May 2021

Welcome to COCA's monthly Newsletter. Unless noted otherwise, all articles written by COCA President, Ian Cunningham.

Chairs Corner
For Canadians who have likely never experienced systemic racism, it is easy to deny its existence. 

Systemic racism is a ripple effect from years of racist and discriminatory practices, and as individuals, it is normal to feel helpless and discouraged. But being more aware of it should make us work harder to promote social accountability. Initiating change starts with you.

I came across an article on the University of British Columbia's website entitled "Systemic Racism: What It Looks Like in Canada and How to Fight It" (March 19, 2021). It talks about how we can help initiate change by taking into account three basic principles: Reflection; Education; and Speaking Up.

Reflection: The first step is that we must accept that racism lives within our society. This may make us feel uncomfortable and challenges our notion of race and culture, but it will allow us to see racism in new ways.

Education: To move forward, it is important to confront our past with racism as a society. Knowing our past history with racism provides us with the necessary tools to fight against injustice. The COCA Anti-Racism Tool Kit is an important step towards this end.

Speaking Up: Don't be afraid to speak up! Challenge yourself by bringing up conversations in your workplace. It is not easy to talk about racism but you should not shy away from it. I encourage you to read the UBC article on the Four Steps to Navigating Difficult Conversations About Racism (March 15, 2021).
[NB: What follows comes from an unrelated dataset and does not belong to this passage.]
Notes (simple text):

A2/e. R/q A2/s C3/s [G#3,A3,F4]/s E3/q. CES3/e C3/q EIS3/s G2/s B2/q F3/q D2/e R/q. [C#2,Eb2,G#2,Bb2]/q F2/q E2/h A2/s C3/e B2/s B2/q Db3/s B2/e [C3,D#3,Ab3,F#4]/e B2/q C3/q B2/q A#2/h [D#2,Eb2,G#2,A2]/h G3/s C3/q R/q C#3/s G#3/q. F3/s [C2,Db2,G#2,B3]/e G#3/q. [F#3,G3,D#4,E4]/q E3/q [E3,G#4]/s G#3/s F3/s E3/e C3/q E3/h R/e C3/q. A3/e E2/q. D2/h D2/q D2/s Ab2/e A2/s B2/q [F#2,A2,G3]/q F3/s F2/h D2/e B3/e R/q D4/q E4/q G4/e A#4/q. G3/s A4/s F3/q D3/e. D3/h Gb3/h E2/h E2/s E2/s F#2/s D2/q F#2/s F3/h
We can play an active role in working against oppression and towards equality. We must find ways to focus on marginalized groups. Education is key to effectively defeat systemic racism. If you haven't already done so - create a corporate Anti-racism Statement and discuss it at your next company meeting. Print up the COCA Anti-Racism Tool Kit and pin it up on your company's bulletin board. Post the COCA Anti-racism Posters. Promote conversation and engagement amongst your staff and co-workers. Let's make things right.

COCA 2020 Year in Review
COCA’s 2020 Year in Review takes a look back at 2020, at our accomplishments and a glimpse of what lies ahead.

Download/view the Year in Review in Magazine magazine view:

Download/view the Year in Review in Magazine single page view:
Government Bill Proposes New Skilled Trades and Apprenticeship System 

On Thursday, May 6, 2021, the Minister of Labour, Training and Skills Development, Monte McNaughton, introduced Bill 288 An Act to enact the Building Opportunities in the Skilled Trades Act, 2021 (BOSTA for short). It is the long-awaited and much-anticipated legislation that enables the establishment of the province’s new skilled trades and apprenticeship system to succeed the one currently overseen by the Ministry of Labour Training and Skills Development and the Ontario College of Trades.  The proposed system essentially embodies many of the recommendations contained in the Phase 1 Report of the Michael Sherrard Skilled Trade Panel.   
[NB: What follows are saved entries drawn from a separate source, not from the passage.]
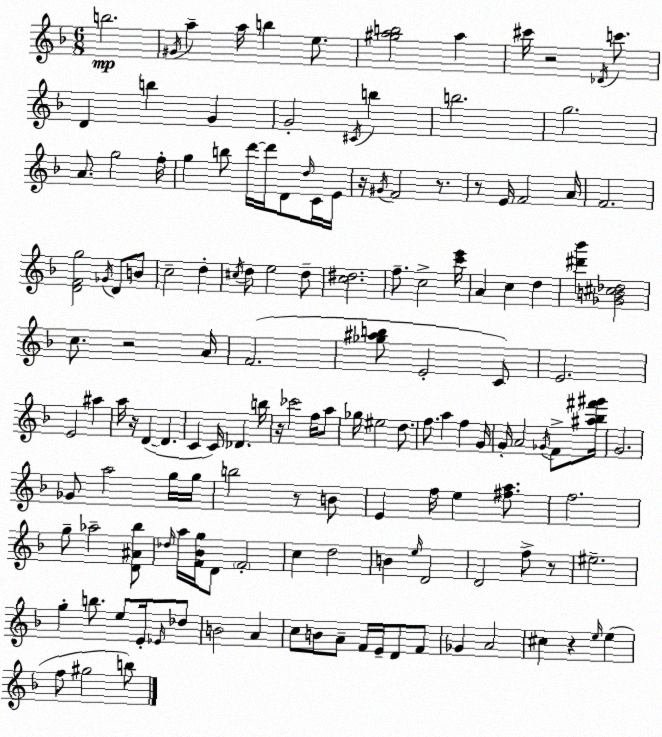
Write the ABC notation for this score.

X:1
T:Untitled
M:6/8
L:1/4
K:F
b2 ^G/4 a a/4 b e/2 [^gab]2 a ^c'/4 z2 _D/4 c'/2 D b G G2 ^C/4 b b2 g2 A/2 g2 f/4 g b/2 d'/4 d'/4 D/2 d/4 C/4 E/4 z/4 ^G/4 F2 z/2 z/2 E/4 F2 A/4 F2 [DFg]2 _G/4 D/2 B/2 c2 d ^c/4 d/2 e2 d/2 [c^d]2 f/2 c2 [c'e']/4 A c d [^d'_b'] [_GB^c_d]2 c/2 z2 A/4 F2 [_g^ab]/2 E2 C/2 E2 E2 ^a a/4 z/4 D D C C/4 _D b/4 z/4 _c'2 f/4 a/2 _g/4 ^e2 d/2 f/2 a f G/4 G/4 A2 _G/4 F/2 [^a_b^f'^g']/4 G2 _G/2 a2 g/4 g/4 b2 z/2 B/2 E f/4 e [^fa]/2 f2 g/2 _a2 [D^A_b]/2 _d/4 a/4 [F_Bg]/4 D/2 F2 c d2 B e/4 D2 D2 f/2 z/2 ^e2 g b/2 e/2 E/4 _E/4 _d/2 B2 A c/2 B/2 A/2 F/4 E/4 D/2 F/2 _G A2 ^c z e/4 e f/2 ^g2 b/2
Like the current system, it will be overseen by two organizations, the Ministry and a new Crown agency to be called Skilled Trades Ontario (STO) and it proposes a clear separation between training & certification under the aegis of STO and compliance & enforcement under the purview of MLTSD.   
STO will be governed by a board of directors of not more than 11 people including the chair. Board members will be selected based on their governance competencies aligned with legislative objectives of the organization (not representing a certain union, trade, or other organization) and appointed by the Minister. The Minister will also appoint a Registrar & CEO to lead the new Crown agency’s operations. 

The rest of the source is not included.